As part of an increasingly global crackdown on insider trading, the Japanese Securities and Exchange Surveillance Commission recommended administrative action against a global investment bank based on findings that the firm failed to take measures to prevent illegal insider trading with regard to the management of confidential corporate information related to public offerings of new shares. Under such circumstance, employees at the firm solicited customers to trade in securities and conduct other trading by providing confidential corporate information. The Commission also found that the firm’s governance system was inadequate given that its management team did not exercise effective control of the system for managing confidential corporate information. The recommendation was made to the Financial Services Agency, which then ordered the firm to implement measures to improve its internal controls in order to prevent a recurrence of this conduct and periodically report to the FSA on the effectiveness of these remedial efforts. Nomura Securities Co. Ltd, August 3, 2012.
The Commission found that a member of the institutional equity sales department who was in charge of sales to hedge funds made aggressive attempts to contact an internal analyst and obtain any information related to public offerings of new shares. The internal analyst carelessly replied to sales personnel with regard to the status of internal control in the trading compliance department concerning stock issues scheduled to be publicly offered. Within the institutional equity sales department, confidential corporate information related to public offerings was shared on the assumption that it would not be inappropriate for the department's employees to mention the names of shares to be issued in relation to such information obtained as long as it is treated as "a rumor" or something similar in their conversation.

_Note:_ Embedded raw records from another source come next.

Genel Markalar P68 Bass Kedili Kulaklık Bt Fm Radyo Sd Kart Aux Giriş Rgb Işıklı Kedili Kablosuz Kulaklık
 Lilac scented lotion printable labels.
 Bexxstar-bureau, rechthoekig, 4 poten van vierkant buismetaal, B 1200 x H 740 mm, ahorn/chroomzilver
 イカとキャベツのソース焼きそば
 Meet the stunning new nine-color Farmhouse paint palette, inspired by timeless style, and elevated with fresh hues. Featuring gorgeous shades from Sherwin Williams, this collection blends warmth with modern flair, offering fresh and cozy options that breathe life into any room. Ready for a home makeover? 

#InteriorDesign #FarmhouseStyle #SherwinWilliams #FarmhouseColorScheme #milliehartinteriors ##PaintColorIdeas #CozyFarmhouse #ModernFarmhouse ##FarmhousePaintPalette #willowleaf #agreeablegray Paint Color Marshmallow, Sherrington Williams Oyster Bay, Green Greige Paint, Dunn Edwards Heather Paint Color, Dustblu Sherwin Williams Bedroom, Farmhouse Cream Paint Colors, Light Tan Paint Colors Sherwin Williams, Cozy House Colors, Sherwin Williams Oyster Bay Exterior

According to the Commission, a manager of the institutional equity sales department made sure that the top priority of the sales operation was to generate profit throughout the department. As a result, a lack of compliance awareness arose, leading to inadequate management of confidential corporate information related to public offerings of new shares. Based on the careless notion that there was no problem even if they could guess the specific names of the companies concerned through their conversation as long as they did not directly ask for those names, said the Commission, a member of the department routinely made active efforts to obtain confidential corporate information related to public offerings and information from which the names of the relevant stock issues may be guessed from another department holding such information and used the information obtained in order to promote sales.